In Jewish communal boardrooms in New York and Washington, all eyes are focused on the ongoing Israeli-Palestinian conflict and the tricky matter of U.S.-Israeli relations in a changing era.
But in communities around the country, many Jewish leaders have another big worry: the impending federal budget train wreck, and a state and local ripple effect that could produce real pain for needy Americans -- including many Jews.
Congress and the administration are not eager to call attention to the mounting crisis, especially not in a critical election year. But the numbers won't get any better for being ignored; indeed, putting off the day of budgetary reckoning may make the eventual crunch that much worse.
And that has huge implications for almost every item on the Jewish communal agenda. Government bookkeepers are working hard to paper over the crisis; Enron's accountants could learn a thing or two from the administration's budget director and congressional appropriators.
Still, it's getting harder to ignore facts that are coming together to create an economic critical mass.

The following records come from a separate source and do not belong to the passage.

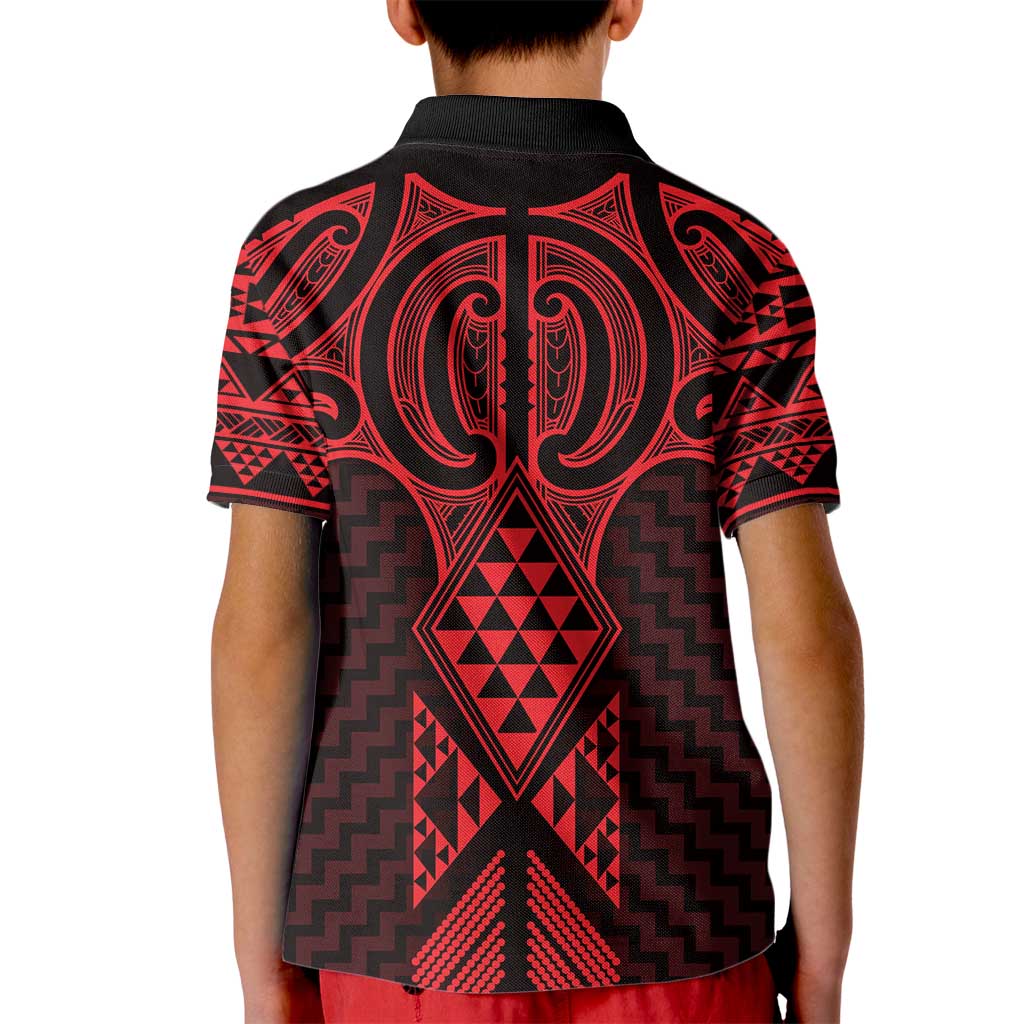 Whero Maori Ta Moko Poutama Art Kid Polo Shirt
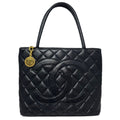 Chanel Medallion Tote Caviar Leather CC Logo Black Gold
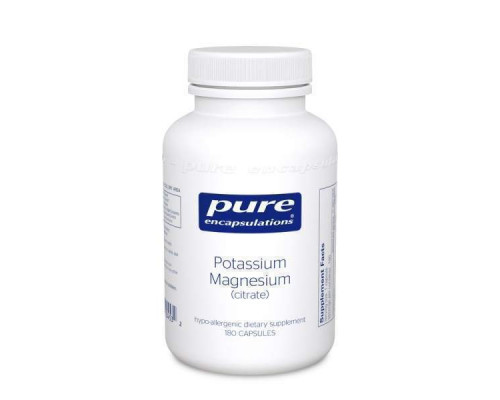 Калій та Магній (цитрат), Potassium Magnesium (citrate), Pure Encapsulations, підтримує здоров'я серця, м'язів, мінералізації кісток, нервів та кислотно-лужного балансу, 180 капсул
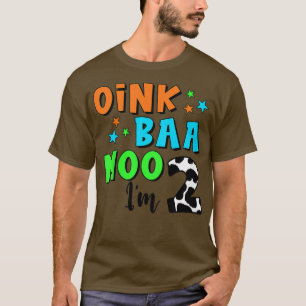 Kids Oink Baa Mooo I'm 2 Farmer Baby 2nd Birthday T-Shirt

Government revenues have been down for several years, thanks in large part to the recession, producing a return to big budget deficits. Even if the economic recovery gathers steam, the problem will continue, thanks to the huge, backloaded tax cuts demanded by the Bush administration and endorsed by Congress, with support from a significant number of Democrats.
The recent sharp declines in the stock market and the literal evaporation of trillions of dollars of wealth will add new pressure on the revenue side of the equation. At the same time, spending needs are soaring.
The ongoing war in Afghanistan carries a hefty price tag, but that's nothing compared to the projected costs of an assault on Iraq. The Pentagon is already working on the necessary buildup, and their bookkeepers' eyes are spinning in their sockets.
The cost of homeland security is going up by the day, and a nation that suddenly understands its vulnerability to 21st century fanatics won't complain about the cost.
At the same time, the demand for government services is growing as layoffs spread. More people out of work means more demand for a wide range of services.
And there's the 800-pound gorilla of the baby boomer retirement crisis looming just over the horizon, but already filling budget planners with dread.
Long-term economic predictions are risky, and they are riskier in this new age of market volatility. A very strong economic recovery could quickly diminish the impact of these problems.
But few economists say that's likely to happen, and many predict things could get worse before they get better.
The next Congress will have no choice but to start facing up to the budgetary carnage it helped create, and ledgers that went from big surpluses to big deficits in only two years.
Pressure on what's left of the budget after defense spending, entitlement programs and debt service will be fearsome, producing a mad scramble among lobbyists for different groups to preserve as much funding as possible for their clients.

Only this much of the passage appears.